Deep Code Review (Matthew's process)
This skill captures the review lens Matthew applies to pull requests, diffs, and repo slices. It is deliberately more thorough than a generic code review: it prioritizes issues that create real product, operational, or technical-debt impact over style nits, and it evaluates code against seven specific lenses rather than a keyword checklist.
Use it when Matthew asks for a deep review, a thorough review, or signals he wants more than a quick pass (e.g. "what will break in prod", "check the failure modes", "audit observability", "is this well tested"). If he just wants a quick security or performance check, defer to the built-in engineering:code-review instead.
Step 1 — Gather the review context
Before running the review, fill in the six context fields the prompt needs. If any are missing from the user's message, ask for them using a single AskUserQuestion call with up to four questions. Do not invent values — an unclear review target leads to unreliable findings.
The six fields:
- Review target — the diff, list of files, PR link, or repo slice to review.

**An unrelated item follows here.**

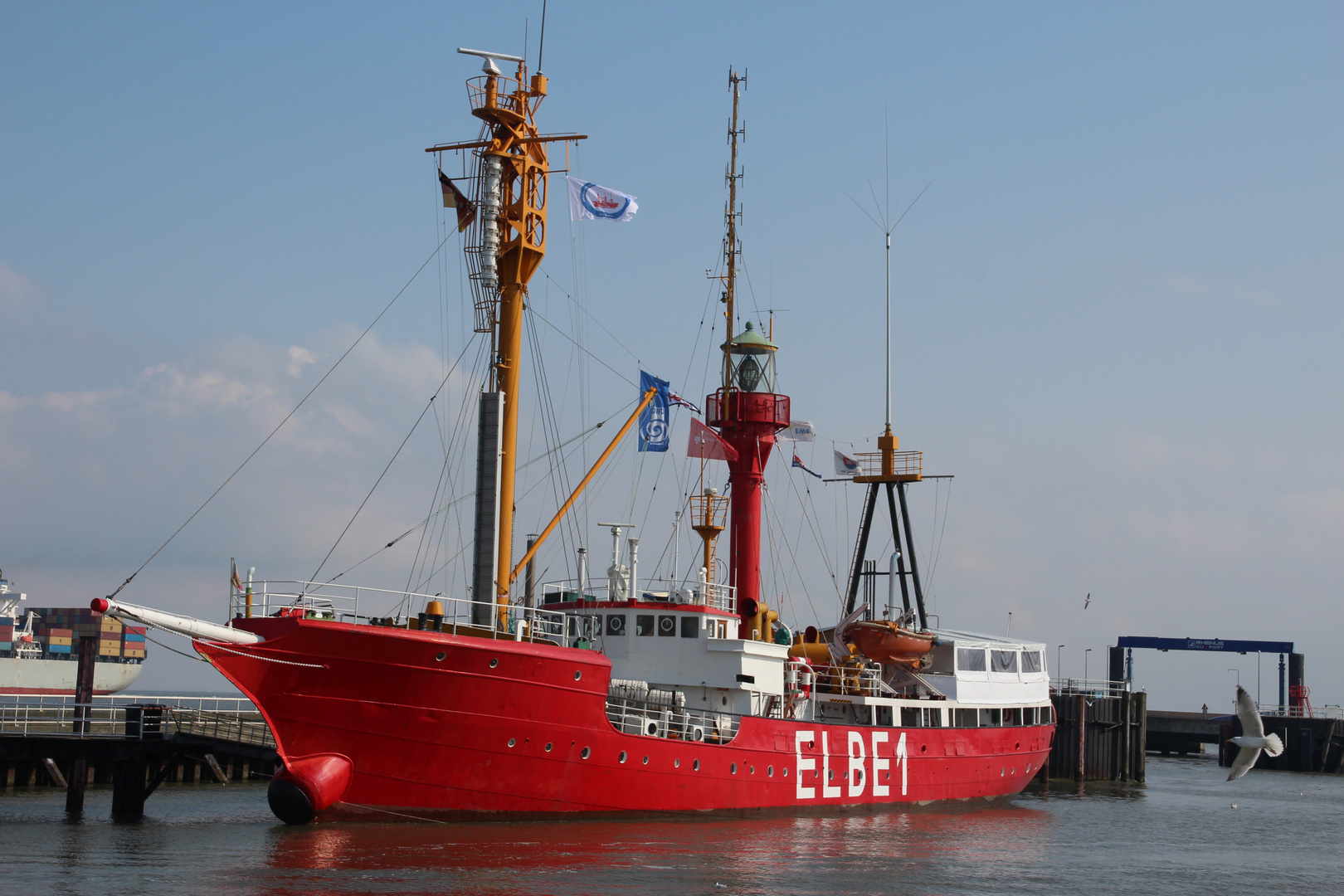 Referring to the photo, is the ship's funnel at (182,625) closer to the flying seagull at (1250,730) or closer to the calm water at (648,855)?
the calm water at (648,855)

- Scope limits — any parts of the target Matthew wants skipped.
- Base branch / comparison point — what to diff against (e.g.
main, the prior release tag, a specific commit).
- Known exclusions or already-known findings — things already covered elsewhere that don't need to be re-surfaced.
- Runtime evidence available — whether there are tests, logs, traces, metrics, or reproduction steps to ground claims.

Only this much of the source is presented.